I have implemented a custom physics in model Flux / Zygote to benefit from gradient-based optimization of these great packages. It contains custom layers, each shipping its own ChainRulesCore.rrule
. A single model contains many of these otherwise simple layers, and Zygote calculates the correct gradients out of the box.
Unfortunately, Zygote takes ages to calculate the first gradient. Compilation can easily exceed hours and take longer than the optimization itself.
Is there any way to avoid this painfully long compilation time? Why is compilation of layers built-into Flux significantly faster?
Here is a MWE, which already takes more than 20s to compile
import Flux
import ChainRulesCore
# custom layer
mutable struct Drift
len::Float64
end
function driftLinear(p::AbstractVecOrMat, len::Float64)
pnew = copy(p)
pnew[1,:] .+= len .* p[2,:]
pnew[3,:] .+= len .* p[4,:]
return pnew
end
function ChainRulesCore.rrule(::typeof(driftLinear), pold::AbstractVecOrMat, len::Float64)

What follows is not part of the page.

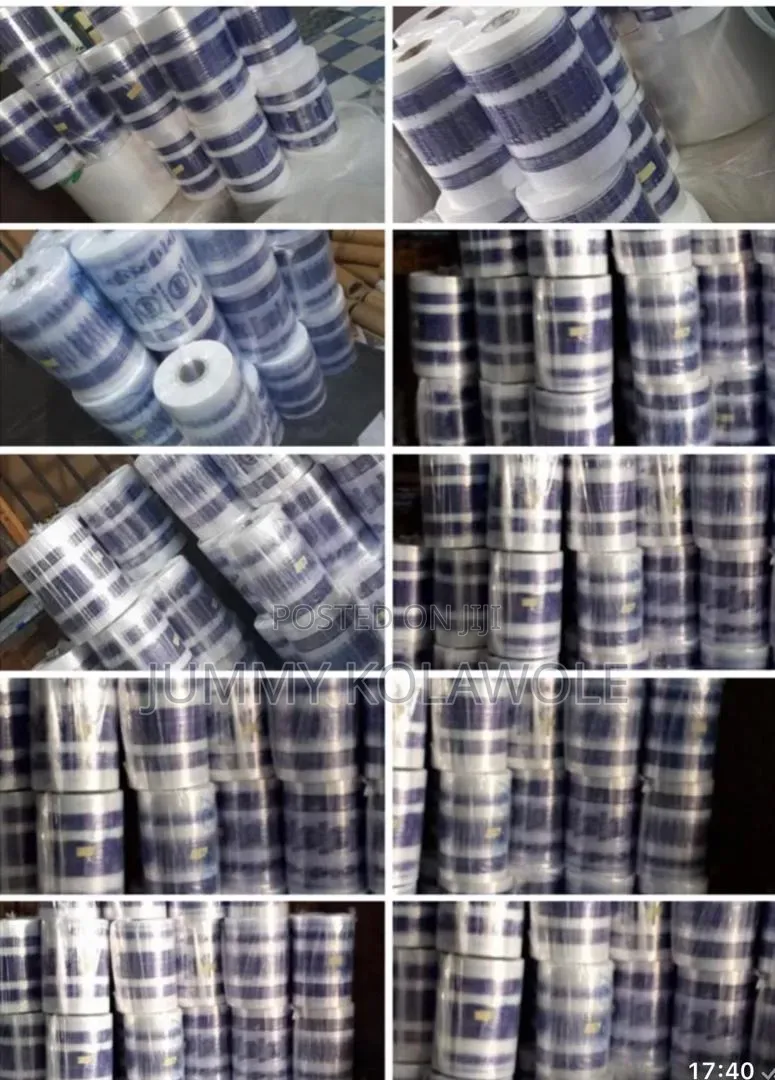High Quality Polythene Product. Pure Water, Bread Wrapper, Packing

p = driftLinear(pold, len)
function driftLinear_pullback(Δ)
newΔ = copy(Δ)
newΔ[2,:] .+= len .* Δ[1,:]
newΔ[4,:] .+= len .* Δ[3,:]
return ChainRulesCore.NoTangent(), newΔ, ChainRulesCore.NoTangent()
end
return p, driftLinear_pullback
end
function (e::Drift)(p::AbstractVecOrMat)
driftLinear(p, e.len)
end
# create model
function track(model::Flux.Chain, batch::AbstractVecOrMat)::AbstractArray
out = reduce(hcat, Flux.activations(model, batch))

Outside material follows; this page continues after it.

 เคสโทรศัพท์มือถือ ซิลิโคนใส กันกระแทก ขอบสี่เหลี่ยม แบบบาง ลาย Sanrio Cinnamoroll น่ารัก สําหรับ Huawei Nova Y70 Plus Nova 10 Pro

out = reshape(out, 7, :, length(model))
return PermutedDimsArray(out, (1,3,2))
end
model = Flux.Chain([Drift(1.) for _ in 1:10]...)
# take gradient
inp = ones(7,100)
Flux.trainable(e::Drift) = (e.len,)
parameters = Flux.params(model)
@time grads = Flux.gradient(parameters) do
out = track(model, inp)
Flux.Losses.mse(out, ones(size(out)))
end
21.495620 seconds (63.22 M allocations: 3.324 GiB, 4.14% gc time, 99.99% compilation time)
Are there any tricks to make things faster with Zygote?